# First haul of 2011 - MAC Cham pale



## geeko (Jan 4, 2011)

Well, at first i was planning to get only the 2 special reserve highlight powders ...but i ended up with 3 more items by the time i left the mac store

  	So here's my haul from cham pale:
  	Rose ole & Chez chez lame special reserve highlighting powders
  	Dangerous cuvee & Chilled on ice paintpots
  	Bubble lounge lipgelee


----------



## XicanaQueen (Jan 5, 2011)

Great haul! I ended up waiting too long to purchase from the Champale collection that I missed  Bubble lounge and Dangerous cuvee. Oh well maybe next time. I did end up buying things from all 4 collections though


----------



## ElvenEyes (Jan 5, 2011)

Awesome haul~I love the lipgloss!


----------



## rjsmom84 (Jan 5, 2011)

Great haul. I'm still going back and forth about Chez Chez Lame.


----------



## sujusarangx3 (Jan 5, 2011)

How do you feel about the Chez chez lame highlighter? It's definitely on my to-buy list!


----------



## geeko (Jan 6, 2011)

I kinda like the chez chez lame highlighter. It has a subtle hint of pale gold color to it and is non frosty nor glittery.


----------



## rjsmom84 (Jan 6, 2011)

I have been reluctant to buy it because temptalia says its a lot like albatross. I have albatross and love it. I like the look of chez chez lame. I don't want to buy duplicate products but since I do like albatross I'm thinking I may just keep chez chez lame as a back up. Don't know. Again, I want it and I'm trying to justify buying it.


----------



## singer92286 (Jan 7, 2011)

love those paint pots!! great haul!!!


----------



## MACloveSHANEL (Jan 7, 2011)

great haul 
  	as for me I got chez chez lame (love it), luxure lipgelee, i get no kick eye kohl, soiree laquer and fix+ lavender.
  	I was "iffy" on the dangerous curvee! is it a must have? cause everyone's raving about it lol


----------



## GlamQueen21 (Jan 8, 2011)

Awseome haul! I have Dangerous Cuvee and Bubble Lounge. Both are gorgeous! Enjoy your goodies!


----------



## geeko (Jan 10, 2011)

Thanks babes...i went back and got 2 more items from cham pale - Luxure lipgelee and vintage selection paintpot plus all 4 ccbs from Stylishly Yours.

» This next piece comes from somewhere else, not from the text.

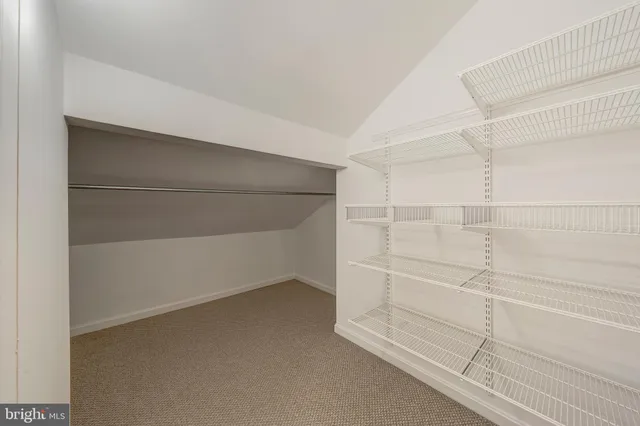 a view of an empty walk in closet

  	I am officially broke for january! Sighs


----------



## ZoZo (Jan 10, 2011)

Great haull, enjoy it..


----------



## yasmin1983 (Jan 10, 2011)

Nice Haul!!!

  	I got the Chilled on Ice paint pot and I love it. Ill be using it a lot during the summer


----------



## obeyDita (Jan 12, 2011)

I was looking forward to the Dangerous Cuvee PP so much, but I was very disappointed with it. It has too much fallout and it's very sheer. I was hoping that I could use it on it's own, but because of the fallout I decided that it's not for me.


----------



## rjsmom84 (Jan 18, 2011)

I got dangerous cuvee and let me pop but had to return them. There was a lot of fall out and the glitter irritated my eyes really bad. They were swollen for two days. I returned them and got more shadows from peacocky.


----------



## makeupgirlie (Jan 18, 2011)

great haul!


----------



## imaht1 (Jan 20, 2011)

ooh i want these now! great haul!!


----------



## regru (Feb 25, 2011)

great haul!!!!


----------